The absurd way the U.S. measures inflation: Your rent
FORTUNE — “If someone were to rent your home today, how much do you think it would rent for monthly, unfurnished, and without utilities?”
Believe it or not, the government asks ordinary American homeowners that perfectly imprecise and highly subjective question every single month as part of the Bureau of Labor Statistic’s monthly price survey process. The answers determine the calculation of “Owner’s Equivalent Rent,” which represents almost 25% of the index used to calculate consumer price index inflation in the United States.
It is, quite possibly, the most absurd way to calculate inflation.
The answers have a profound effect on U.S. monetary policy and influence how much you ultimately pay for groceries, gasoline, and much more. If you answered that question in the last month or so, your response appeared in the latest Consumer Price Index report and influenced Fed Chair Janet Yellen’s debut speech.
The head-scratching bottom line? Pie-in-the-sky guesses of homeowners, overwhelmingly lacking both economic training and policy experience, are the tail wagging the Federal Open Market Committee dog.
Over the years, the way the government calculates inflation has been repeatedly reformulated with a general impact of consistently lowering headline inflation readings. This benefits the government’s checkbook by lowering inflation-tied payments such as Social Security and TIPS inflation-adjusted bond payments. It also lowers the cost of new borrowing, making it cheaper to roll over Treasury issues.

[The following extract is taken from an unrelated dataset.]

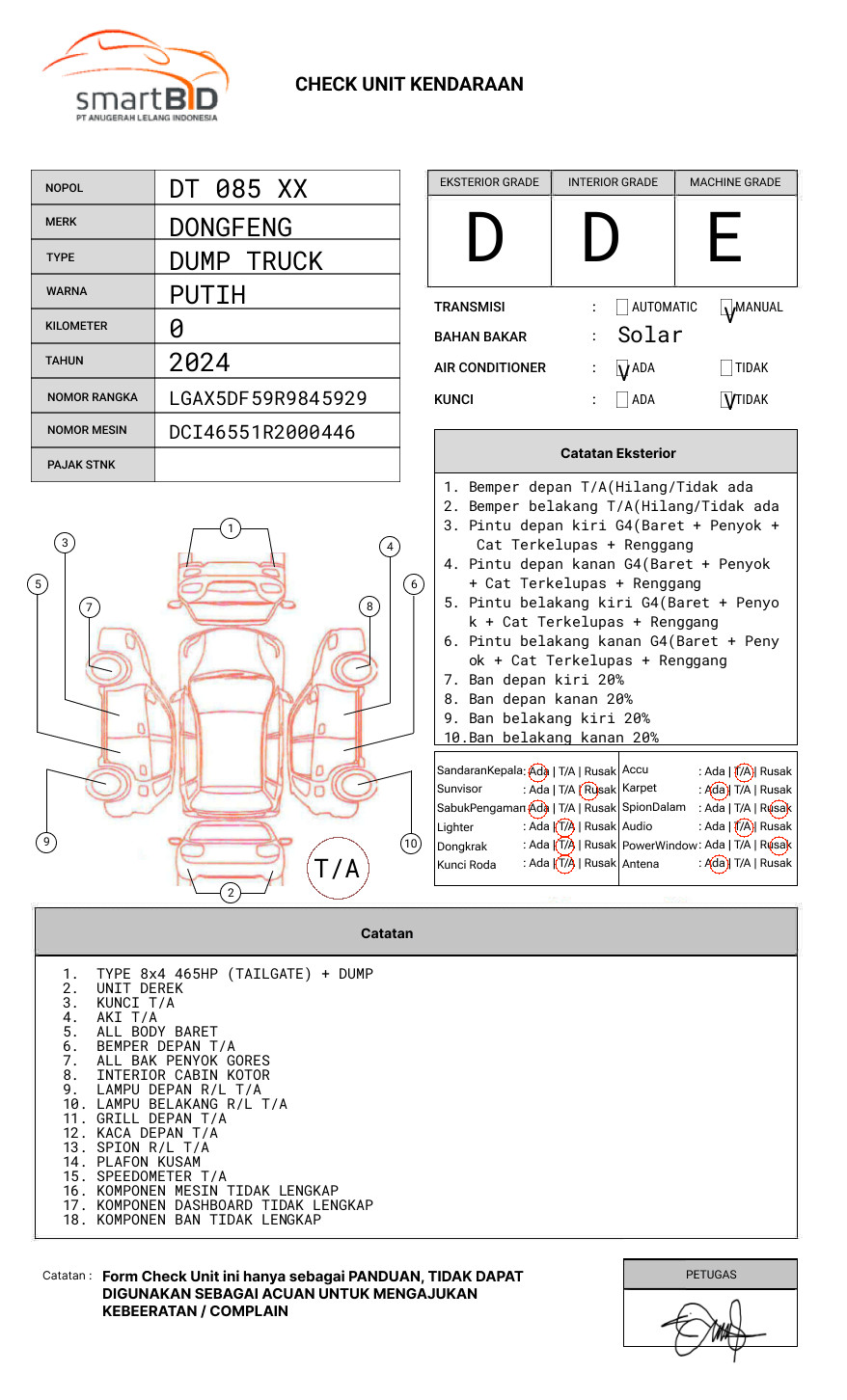 DONGFENG DUMP TRUCK 12 RODA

But it harms American consumers.
Have you been to the grocery store lately? The prices of coffee, cheese, and pork are up double-digits in just the last six months. Americans are paying 30% more for breakfast than on January 1st — and still getting a negative real return on their savings.
The Shelter component, including the outsize Owner Equivalent Rents piece, represents about one-third of CPI, and this measure has diverged from all other components. By last month, Shelter flashed over 2% inflation, but the combined non-shelter component was tracking at just 0.5%. CPI inflation is making the Fed look shaky as it relies on a one-trick-pony to assess the health of the economy.
As modest inflationary pressures continue across the largest part of the economy, the acceleration in Owner Equivalent Rents has single-handedly driven growth in headline inflation. At her press conference last week, Chairman Yellen reiterated the Fed’s 2% inflation target — a disappointing 1.1%, but Yellen said the FOMC expects it to gradually track back toward their target.
Housing recovered with surprising strength from the end of 2012 into last year, but it has been decelerating. A material slowdown in home price appreciation from here would likely drag down the Shelter component, putting pressure on the CPI.
Economics is hardly an exact science (spoiler alert!) but we dare not discount the possibility of CPI ex-Shelter continuing to grow at its trailing 12-month average of 0.9% through the rest of this year, while the Shelter component could decelerate by 1%, down to 1.6% year over year. This would not be an extreme scenario — unless you are a Fed policy maker in need of another 75 basis points to justify a policy turn.
We’re not predicting anything. But with housing slowing, labor supply declining, and disinflation prevalent across the developed markets, no one should be surprised if CPI inflation languishes below 2% for the time being. Policy (and market hysteria) is based on projections. Projections tend to over-assume current scenarios; reality, when it finally gets here, tends to be less extreme. Fasten your seat belts for what may be an uneventful ride …
Even consumer inflationary pops like pork and coffee, though highly visible, are less broadly impactful. It appears that headline inflation figures may be masking more moderate inflationary pressures in the largest part of the economy. At these levels, even a few basis points can have a material impact on policy. An inflation disappointment will likely trigger fancy rhetorical footwork to justify future monetary policy decisions.
Right on cue, the 6.5% threshold is out the window, replaced by a fuzzy basket of indicia — like asking “common folks” what they think their home would rent for. Chairman Yellen is plenty intelligent; she clearly recognizes that the Fed can’t pursue a “qualitative” focus while also claiming to be data dependent.
Bernanke’s program was to print infinite quantities of money. Now Yellen has to change the Fed’s tone as she wrangles with an out of control balance sheet, the legacy of Quantitative Easing. We’ll call the new initiative “Qualitative Easing.” Rather than the “stick” of cash, Yellen offers the “carrot” of vague, hopeful comments designed to nudge interest rates. Like a corporate management gaming their stock price, the Fed will now rely on giving the markets “guidance.”
The demise of quantitative easing marks a clear hand-off, as the Yellen Fed abandons cash in favor of using its credibility. We’re not sure what they’ll turn to when that runs out.